━━━ RECORD EXTRACTS ━━━

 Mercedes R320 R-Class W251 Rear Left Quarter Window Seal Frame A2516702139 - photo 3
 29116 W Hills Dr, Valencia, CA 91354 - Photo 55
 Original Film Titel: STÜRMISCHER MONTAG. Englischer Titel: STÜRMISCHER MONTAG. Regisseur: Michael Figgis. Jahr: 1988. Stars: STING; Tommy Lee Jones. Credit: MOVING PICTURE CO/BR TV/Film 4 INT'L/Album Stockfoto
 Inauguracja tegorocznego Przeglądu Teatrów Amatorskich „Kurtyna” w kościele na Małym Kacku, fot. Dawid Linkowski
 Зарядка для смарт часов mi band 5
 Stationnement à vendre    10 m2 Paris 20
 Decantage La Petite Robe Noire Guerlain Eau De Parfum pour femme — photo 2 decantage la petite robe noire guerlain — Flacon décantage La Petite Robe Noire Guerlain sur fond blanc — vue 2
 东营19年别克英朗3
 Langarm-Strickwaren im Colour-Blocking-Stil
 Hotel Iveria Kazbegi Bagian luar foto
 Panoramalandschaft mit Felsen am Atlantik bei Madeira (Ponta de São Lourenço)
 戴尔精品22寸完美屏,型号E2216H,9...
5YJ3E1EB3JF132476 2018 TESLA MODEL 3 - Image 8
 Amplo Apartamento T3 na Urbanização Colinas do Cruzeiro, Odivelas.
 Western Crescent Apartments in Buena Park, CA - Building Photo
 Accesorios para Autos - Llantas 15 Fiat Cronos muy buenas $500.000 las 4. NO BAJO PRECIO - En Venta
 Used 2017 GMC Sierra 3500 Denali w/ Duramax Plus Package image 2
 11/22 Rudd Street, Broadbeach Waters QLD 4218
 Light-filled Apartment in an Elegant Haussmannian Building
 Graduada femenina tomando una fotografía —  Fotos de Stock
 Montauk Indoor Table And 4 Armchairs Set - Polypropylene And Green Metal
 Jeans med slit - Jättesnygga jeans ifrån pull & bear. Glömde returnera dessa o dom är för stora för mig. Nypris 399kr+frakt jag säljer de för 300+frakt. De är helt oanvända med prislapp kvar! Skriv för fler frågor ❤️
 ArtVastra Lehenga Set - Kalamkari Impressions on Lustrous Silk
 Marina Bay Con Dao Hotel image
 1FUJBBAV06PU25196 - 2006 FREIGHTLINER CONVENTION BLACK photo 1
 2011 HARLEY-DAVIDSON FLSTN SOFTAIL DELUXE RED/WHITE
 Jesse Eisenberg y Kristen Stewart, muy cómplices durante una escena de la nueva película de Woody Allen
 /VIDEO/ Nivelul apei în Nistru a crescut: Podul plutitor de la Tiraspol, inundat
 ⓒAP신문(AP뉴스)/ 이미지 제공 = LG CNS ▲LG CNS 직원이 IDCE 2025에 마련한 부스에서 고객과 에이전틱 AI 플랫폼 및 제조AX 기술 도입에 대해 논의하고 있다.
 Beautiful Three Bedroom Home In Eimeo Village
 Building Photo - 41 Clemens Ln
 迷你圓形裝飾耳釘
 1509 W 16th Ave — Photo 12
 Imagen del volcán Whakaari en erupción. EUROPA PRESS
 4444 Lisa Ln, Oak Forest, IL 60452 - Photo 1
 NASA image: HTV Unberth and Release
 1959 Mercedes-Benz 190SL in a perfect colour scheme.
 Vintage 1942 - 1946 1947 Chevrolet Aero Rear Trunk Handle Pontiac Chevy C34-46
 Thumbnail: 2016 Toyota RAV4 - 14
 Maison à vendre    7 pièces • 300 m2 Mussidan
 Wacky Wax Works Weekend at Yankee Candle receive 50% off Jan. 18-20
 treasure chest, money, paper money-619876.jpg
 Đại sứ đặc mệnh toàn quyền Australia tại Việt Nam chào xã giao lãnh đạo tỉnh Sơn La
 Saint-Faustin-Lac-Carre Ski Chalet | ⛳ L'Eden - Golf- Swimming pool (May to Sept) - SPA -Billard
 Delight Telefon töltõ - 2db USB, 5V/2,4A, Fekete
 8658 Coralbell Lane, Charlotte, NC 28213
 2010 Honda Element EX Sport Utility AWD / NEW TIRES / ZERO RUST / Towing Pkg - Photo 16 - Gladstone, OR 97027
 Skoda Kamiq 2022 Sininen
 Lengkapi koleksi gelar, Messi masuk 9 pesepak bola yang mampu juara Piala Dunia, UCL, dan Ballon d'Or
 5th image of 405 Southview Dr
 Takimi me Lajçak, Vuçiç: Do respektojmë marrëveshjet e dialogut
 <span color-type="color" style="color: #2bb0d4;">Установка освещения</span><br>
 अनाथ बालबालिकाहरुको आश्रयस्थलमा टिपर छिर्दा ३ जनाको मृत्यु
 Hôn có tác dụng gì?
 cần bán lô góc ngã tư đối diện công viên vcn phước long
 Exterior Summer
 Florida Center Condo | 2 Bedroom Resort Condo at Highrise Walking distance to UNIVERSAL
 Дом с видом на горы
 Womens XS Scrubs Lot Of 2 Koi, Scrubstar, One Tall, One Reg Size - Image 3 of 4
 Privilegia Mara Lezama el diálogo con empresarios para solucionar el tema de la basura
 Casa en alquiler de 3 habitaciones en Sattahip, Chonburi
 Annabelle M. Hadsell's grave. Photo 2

━━━

● **PROBLEM TO WORK ON**:
Whenever a line of the data includes "Mercedes", copy that line.

● **ANSWER BOX**:
 Mercedes R320 R-Class W251 Rear Left Quarter Window Seal Frame A2516702139 - photo 3
 1959 Mercedes-Benz 190SL in a perfect colour scheme.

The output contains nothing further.